Мультики Хаяо Миядзаки: «Меня называют нацистом, а я просто не хотел лгать»
Перед российской премьерой мультфильма «Ветер крепчает» Антон Долин отправился в Токио к человеку, придумавшему Тоторо и Порко Россо — и, скорее всего, завершающему сейчас свою карьеру.
В Японии Миядзаки повсюду. В любом уважающем себя универмаге, сувенирном магазине да и просто лавке с барахлом непременно найдутся несколько плюшевых Тоторо, зажигалки с роботами из «Небесного замка Лапуты», портреты Навсикаи или хотя бы говорящий брелок с демоном огня Кальцифером. То там, то здесь — специализированные магазины, как правило, фанатско-самодеятельные, но переполненные всеми видами лицензионной продукции: одеждой и обувью, косметикой и ювелирными изделиями, платками и полотенцами, пазлами и постерами, закладками и оригами. Само собой, музыка из мультфильмов и неописуемой красоты альбомы: комиксы для самых маленьких, манга для детей постарше, сборники иллюстраций, эскизы, раскадровки по каждому мультфильму.

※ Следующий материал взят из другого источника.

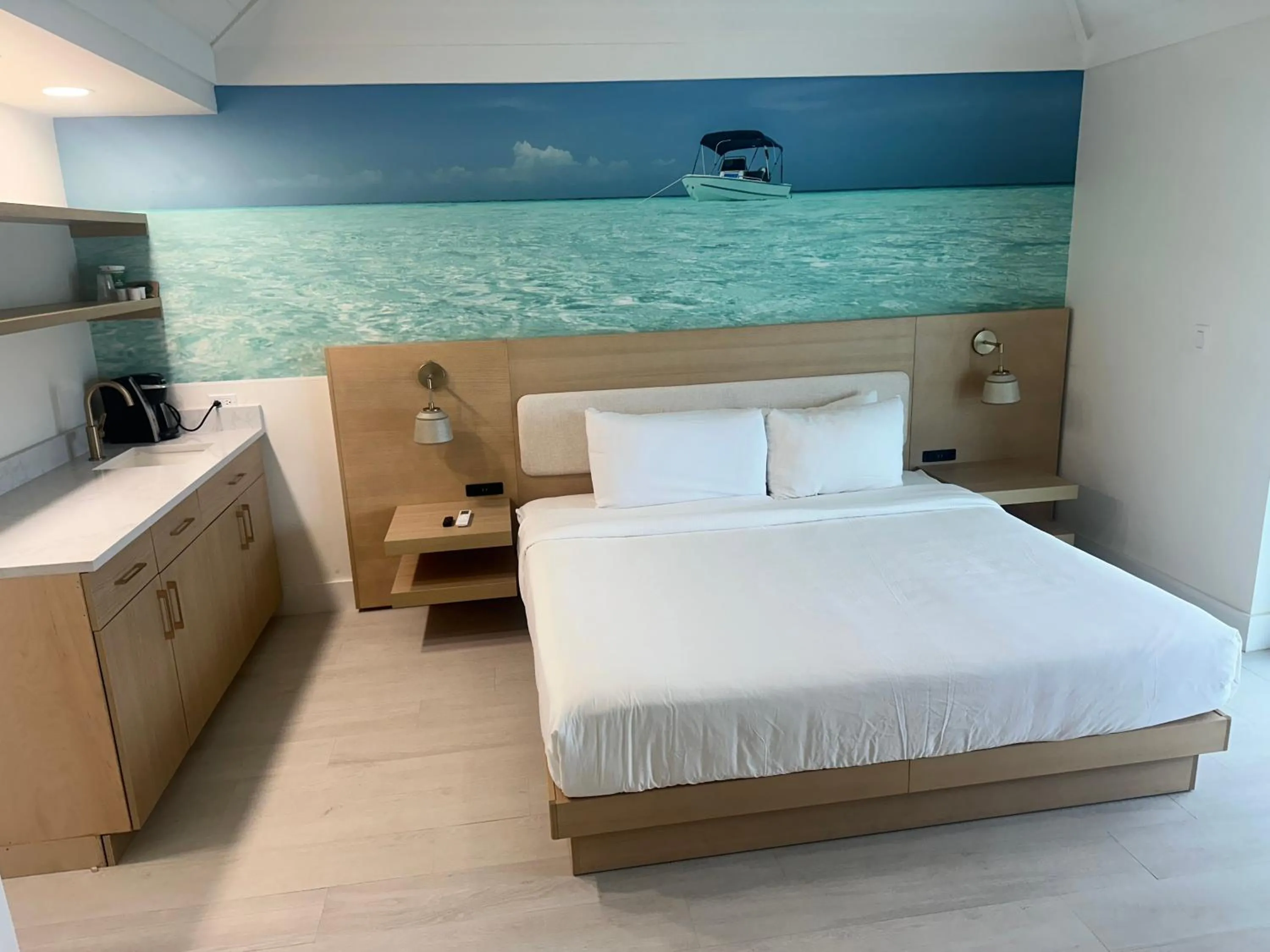 Bed in Peace and Plenty Resort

Апофеоз — в известном на весь мир музее студии «Гибли», расположенном на западной окраине Большого Токио, в городке Митака. Созданный в 2001-м лично Хаяо Миядзаки по его же архитектурному проекту, этот расположенный в парке замок-заповедник на протяжении всех этих лет остается центральным храмом этого специфического культа. Попасть туда непросто: на месте билетов не купить, их надо заказывать заранее через специальные агентства. И билеты необычные: настоящий фрагмент пленки с парой кадров из какого-нибудь мультфильма (мне достались «Сказания Земноморья»), который позже можно вставить в проекционный аппарат и рассмотреть на экранчике в увеличенном виде.
Первое правило музея: ничего нельзя фотографировать и снимать, даже журналистам. Только снаружи — да и то с уважительного расстояния. Окна просторного трехэтажного особняка — витражи с персонажами мультфильмов из разноцветного стекла (тут и дракон Хаку, и ведьма Кики на метле, и вечный талисман студии — Тоторо). На первом этаже расположен кинотеатр, где показывают исключительно короткометражки, созданные самим Миядзаки и его соратниками специально для музея, — больше нигде и никогда вы их не посмотрите. Весь день напролет и несколько месяцев подряд показывают всего один мультфильм; затем репертуар меняется. Мне повезло увидеть «Большое путешествие Коро» — историю щенка, сбежавшего из дома, волшебную сказку об инициации и взрослении в интерьерах современного мегаполиса.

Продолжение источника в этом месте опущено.